Zur frühzeitigeren Verfolgung des Infektionsniveaus und mutierten Varianten sowie zur besseren Lokalisierung von Corona-Infektionen bringen die rot-grünen Regierungsfraktionen ein Abwassermonitoring auf den Weg. Ein entsprechender Antrag wird zur kommenden Bürgerschaftssitzung eingereicht. Da sich genetische Reste des Corona-Virus im Abwasser nachweisen lassen und die Konzentration dieser Reste dabei in Beziehung zur Zahl der Corona-Fälle im jeweiligen Einzugsgebiet steht, kann ein solches Abwassermonitoring als Frühwarnsystem in der Bekämpfung der Pandemie fungieren.
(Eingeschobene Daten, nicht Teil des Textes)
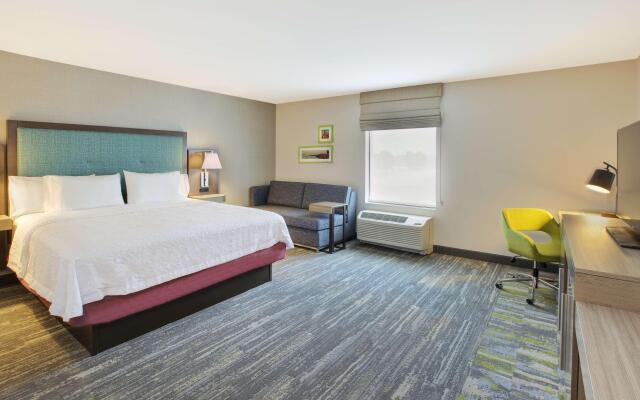 Hampton Inn & Suites Southwest/Sioux Falls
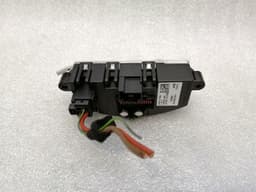 MERCEDES-BENZ Mercedes S-Class W222 Heater Resistor A2229060301 Blower Regulator Regulator — thumbnail 5
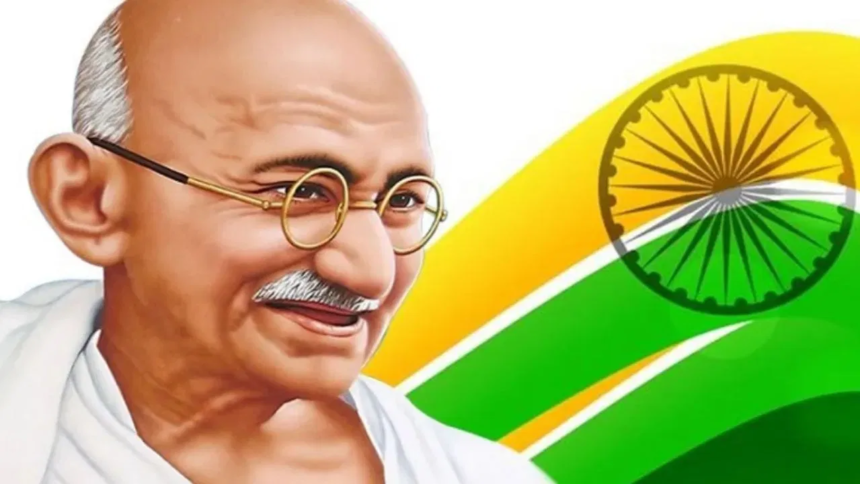 Gandhi Jayanti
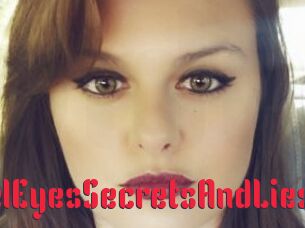 HazelEyesSecretsAndLies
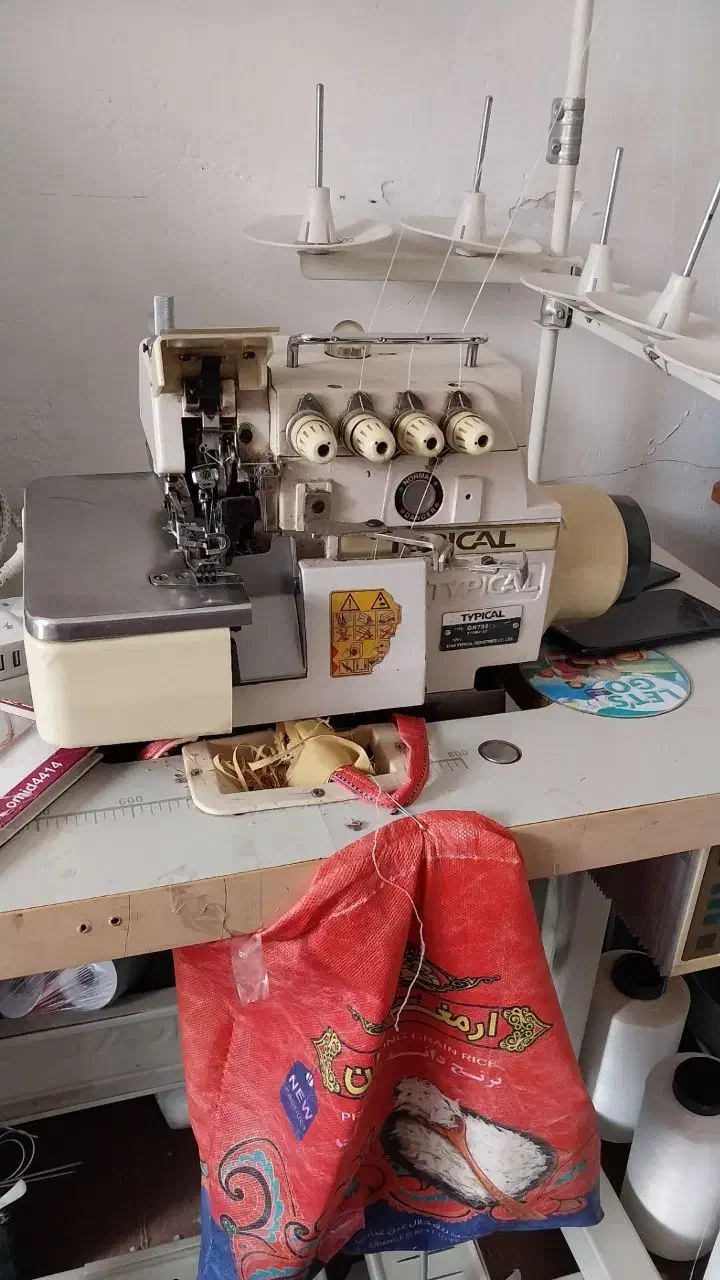 چرخخیاطی|چرخ خیاطی و ریسندگی|نیشابور, فردوسی جنوبی|دیوار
Zunächst geht es um eine zentrale Messung der städtischen Gesamtinfektionslage im Zentralklärwerk Köhlbrandhöft/Dradenau. In einer möglichen Ausbaustufe soll gegebenenfalls eine dezentrale Messung zum Schutz besonders gefährdeter Einrichtungen und zur besseren Lokalisierung von Infektionen erfolgen.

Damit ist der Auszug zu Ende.